> _About this task_
Once the line with "Set Of Three" is reached, output it and every line after it, exactly, through the end of the records below. Pictures are skipped.

Content starts

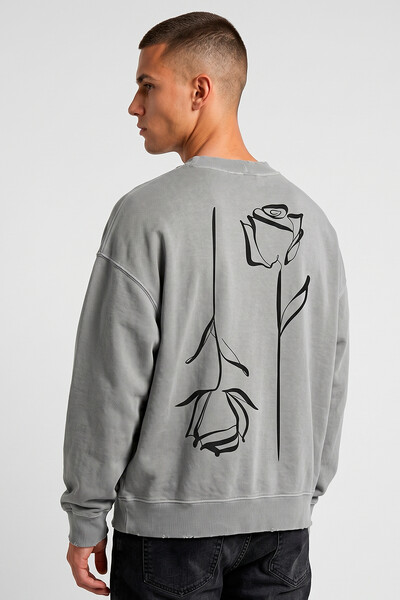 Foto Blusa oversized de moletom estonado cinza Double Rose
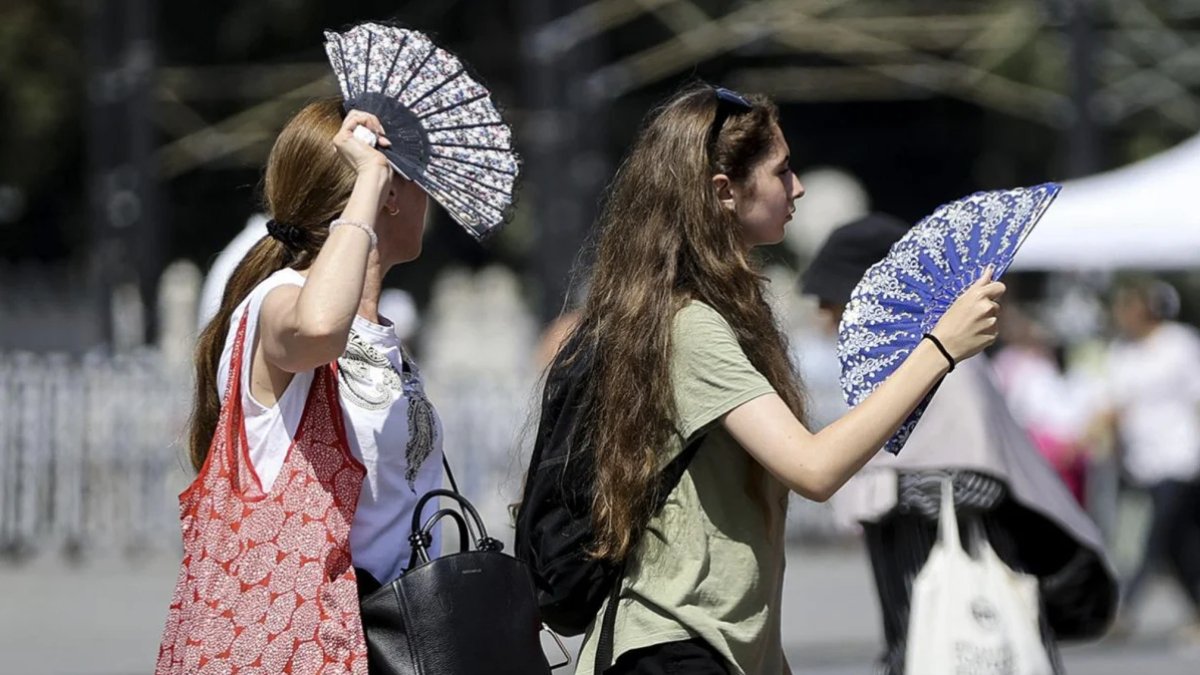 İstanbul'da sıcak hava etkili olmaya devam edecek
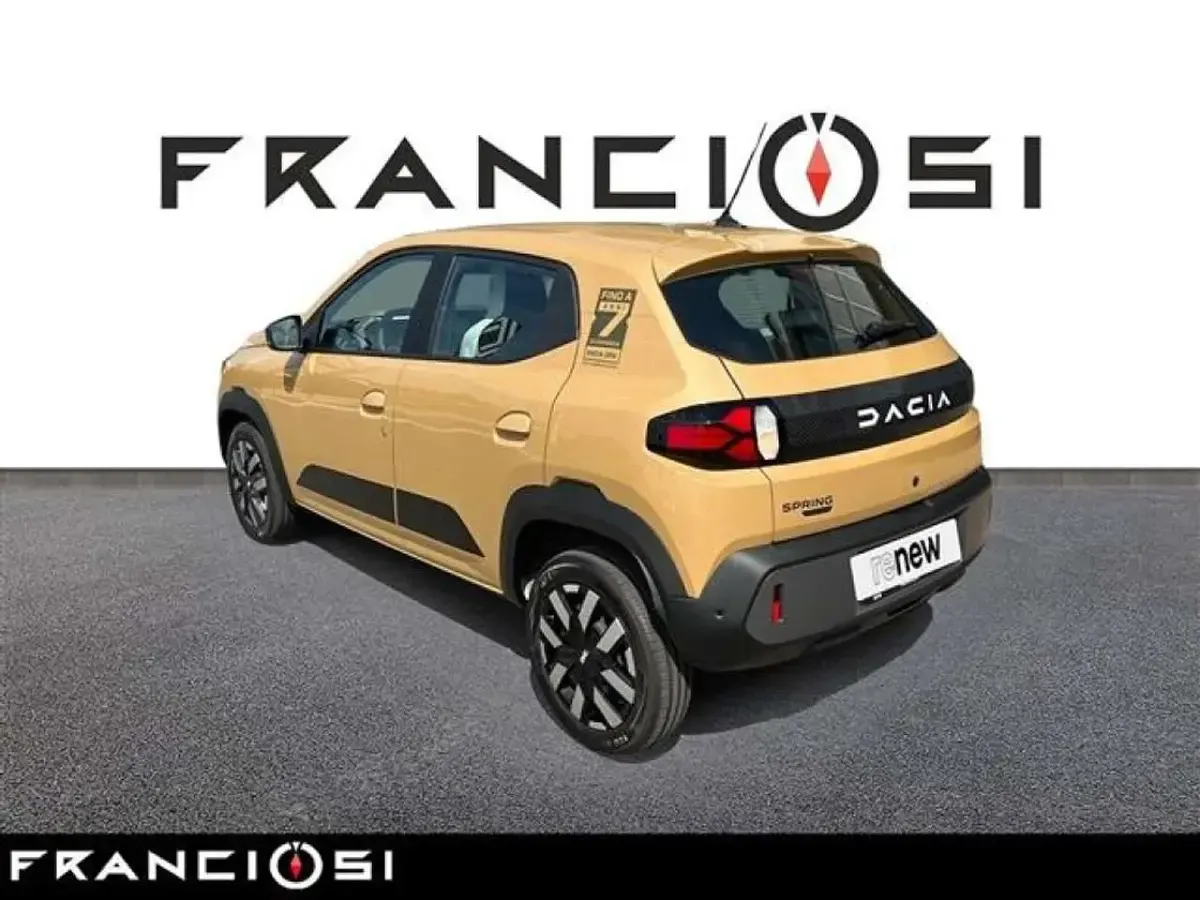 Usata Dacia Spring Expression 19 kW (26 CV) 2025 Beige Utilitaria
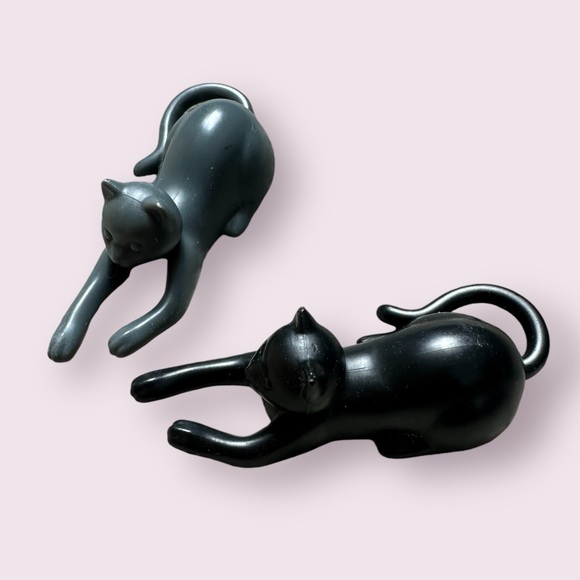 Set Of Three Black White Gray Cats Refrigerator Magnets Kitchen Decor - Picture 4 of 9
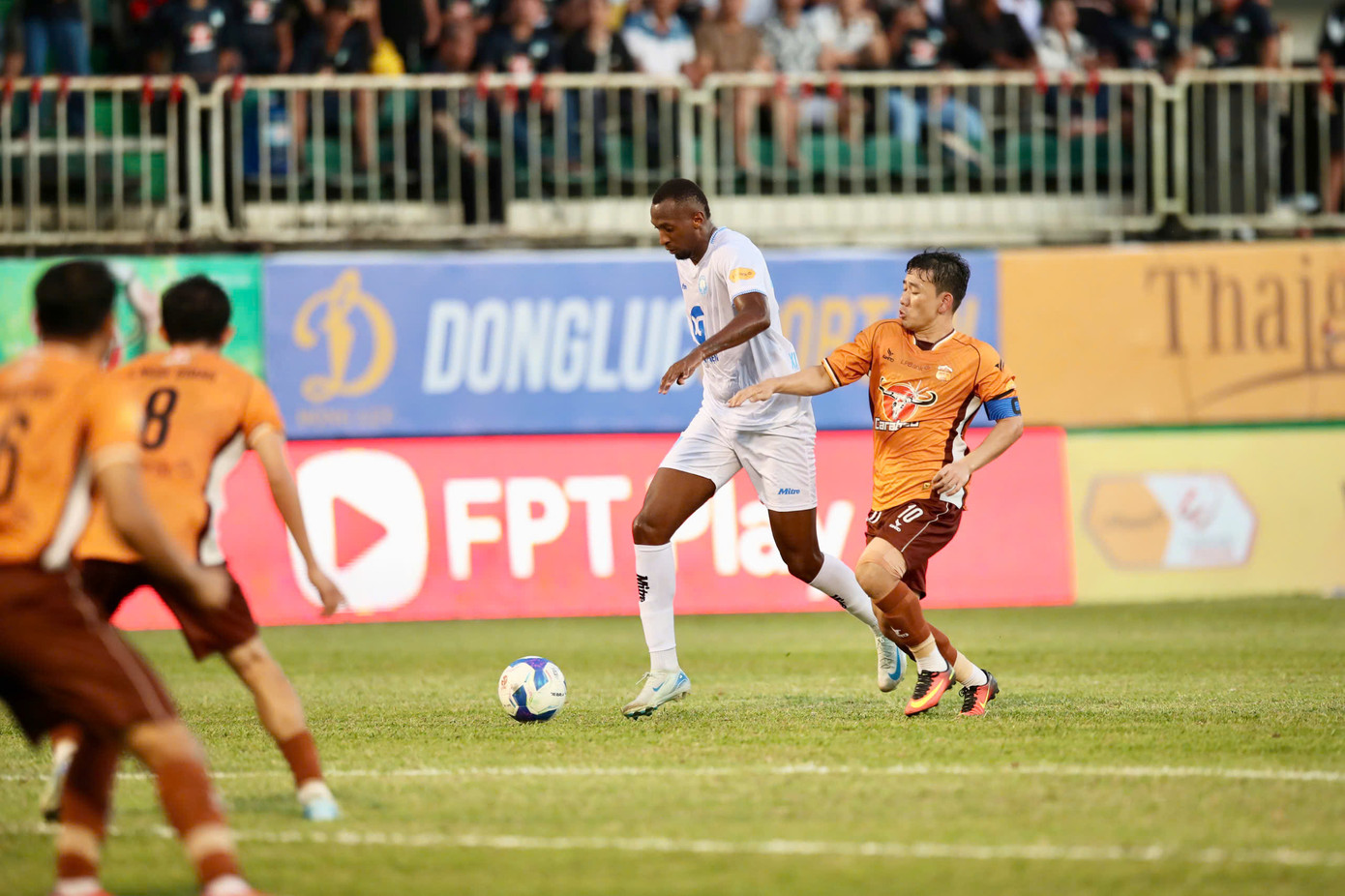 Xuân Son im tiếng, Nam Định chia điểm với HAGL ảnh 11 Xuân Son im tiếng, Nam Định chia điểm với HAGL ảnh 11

Content ends

> _Problem solution_
 Set Of Three Black White Gray Cats Refrigerator Magnets Kitchen Decor - Picture 4 of 9
 Xuân Son im tiếng, Nam Định chia điểm với HAGL ảnh 11 Xuân Son im tiếng, Nam Định chia điểm với HAGL ảnh 11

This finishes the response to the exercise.